### THE PROBLEM
Leaving out the pictures, copy each record below exactly.

### EXERCISE MATERIAL
"""

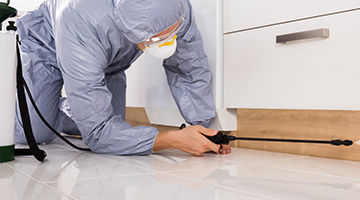 Dedetizadora de Insetos em São Paulo Dedetizadora de Insetos em São Paulo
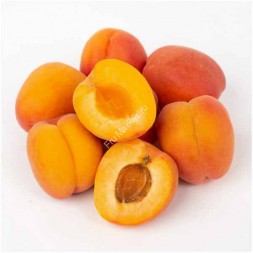 Абрикосы Узбекистан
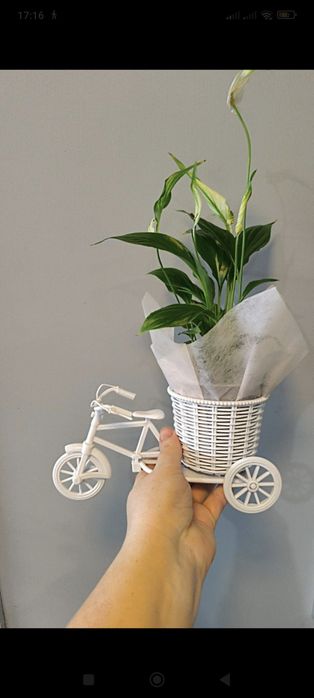 Цветы разные цветущие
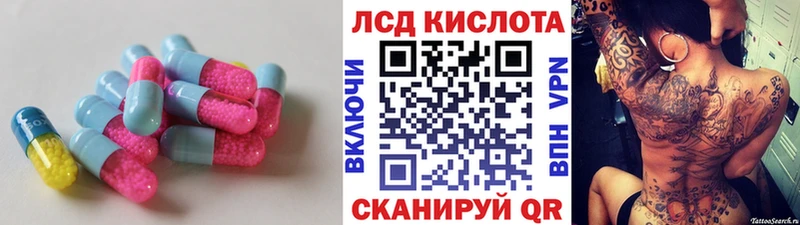 дарнет шоп  Котлас  Лсд 25 экстази кислота 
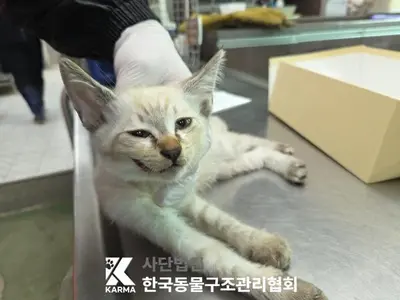한국 고양이 사진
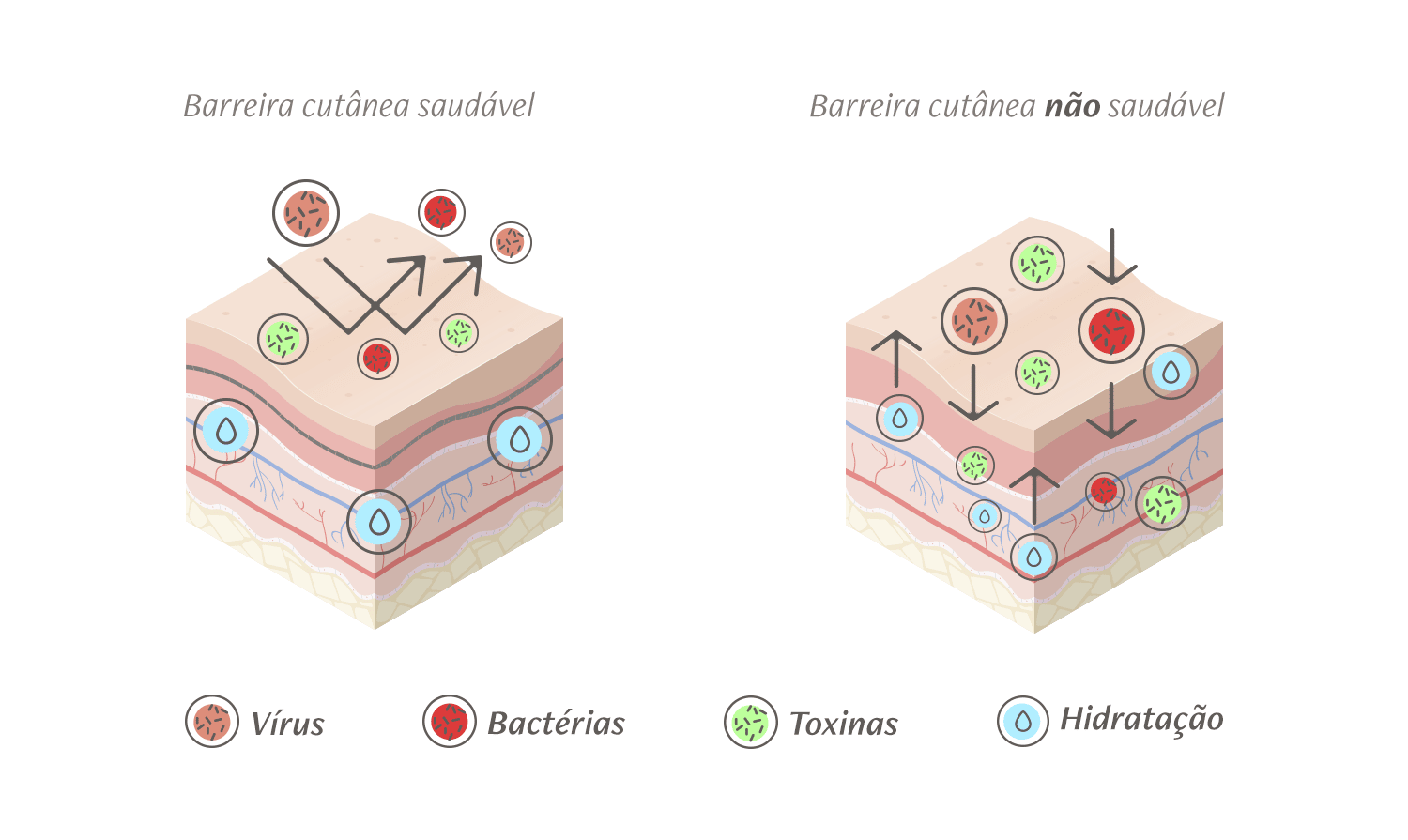 Infográfico demonstrando como é uma barreira cutânea saudável e uma não saudável.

"""

### RESULT OF THIS TASK
 Dedetizadora de Insetos em São Paulo Dedetizadora de Insetos em São Paulo
 Абрикосы Узбекистан
 Цветы разные цветущие
 дарнет шоп  Котлас  Лсд 25 экстази кислота 
한국 고양이 사진
 Infográfico demonstrando como é uma barreira cutânea saudável e uma não saudável.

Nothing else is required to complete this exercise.